> Work request: Range to repeat from the listing below: the line containing "garage with washer" down to the line containing "Sparkle RIKI Powerful", both included. Copy it exactly, pictures excluded, and add nothing else.
** Opening Material provided block **
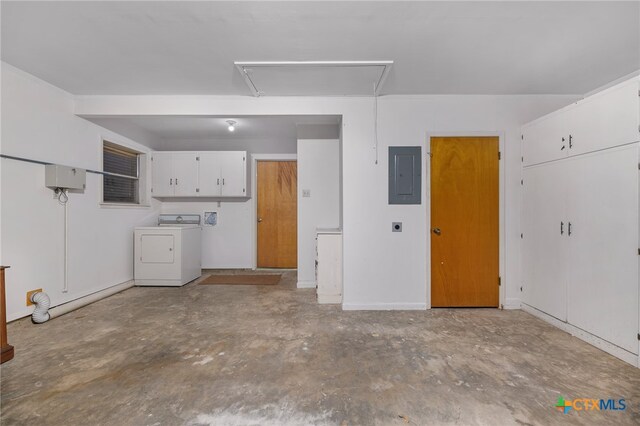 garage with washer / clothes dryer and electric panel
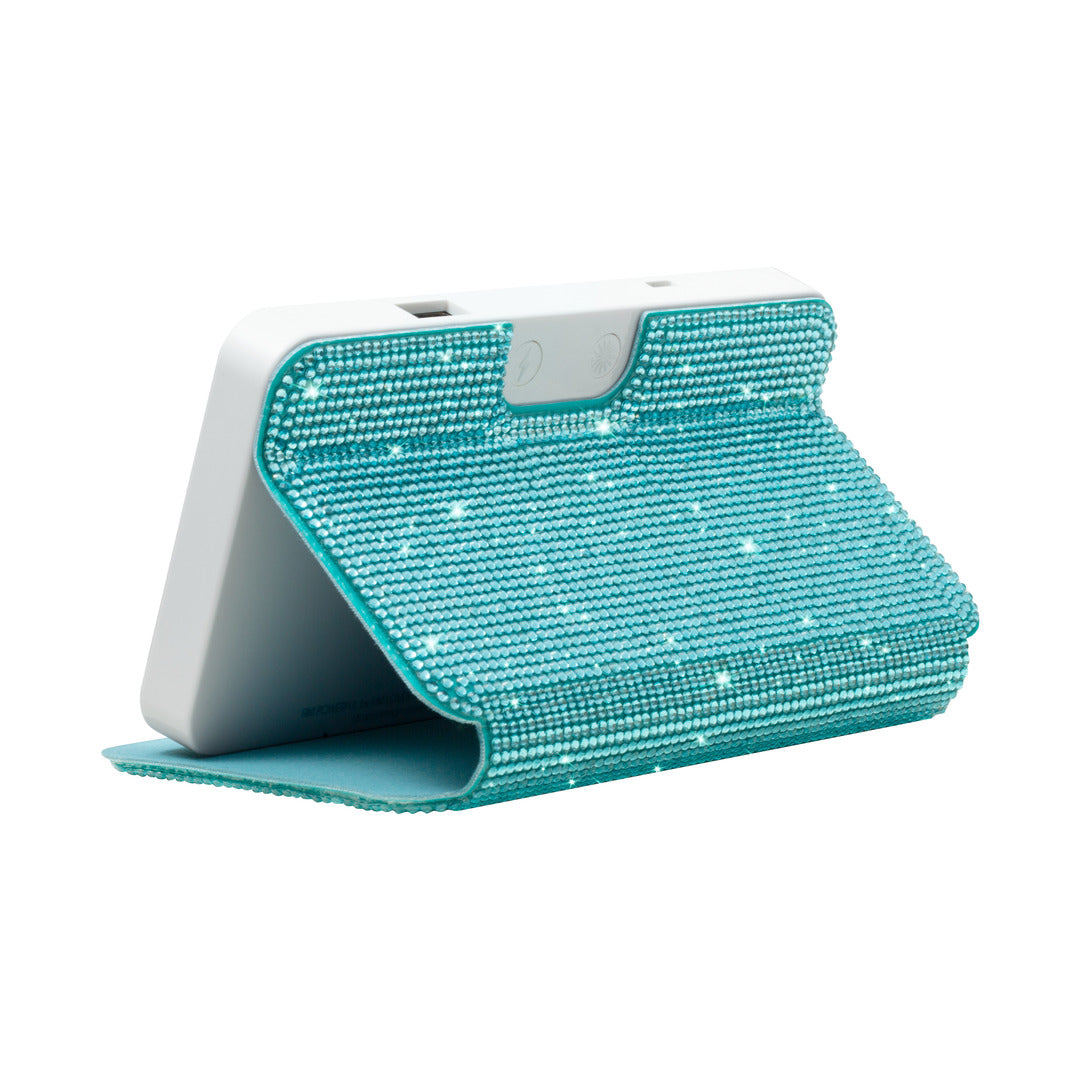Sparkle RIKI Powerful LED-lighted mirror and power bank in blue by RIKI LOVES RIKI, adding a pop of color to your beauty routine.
** Closing Material provided block **
** Opening Material provided block **
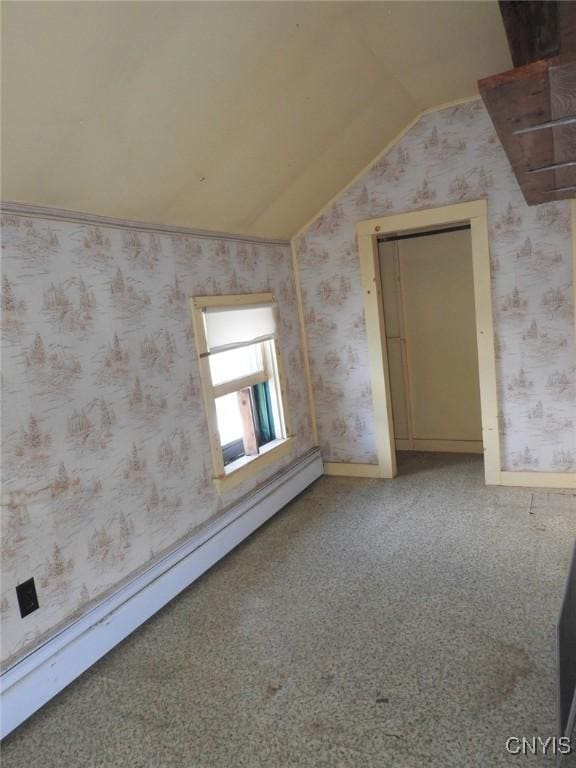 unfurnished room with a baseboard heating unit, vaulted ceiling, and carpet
** Closing Material provided block **
> Result of the exercise:
 garage with washer / clothes dryer and electric panel
Sparkle RIKI Powerful LED-lighted mirror and power bank in blue by RIKI LOVES RIKI, adding a pop of color to your beauty routine.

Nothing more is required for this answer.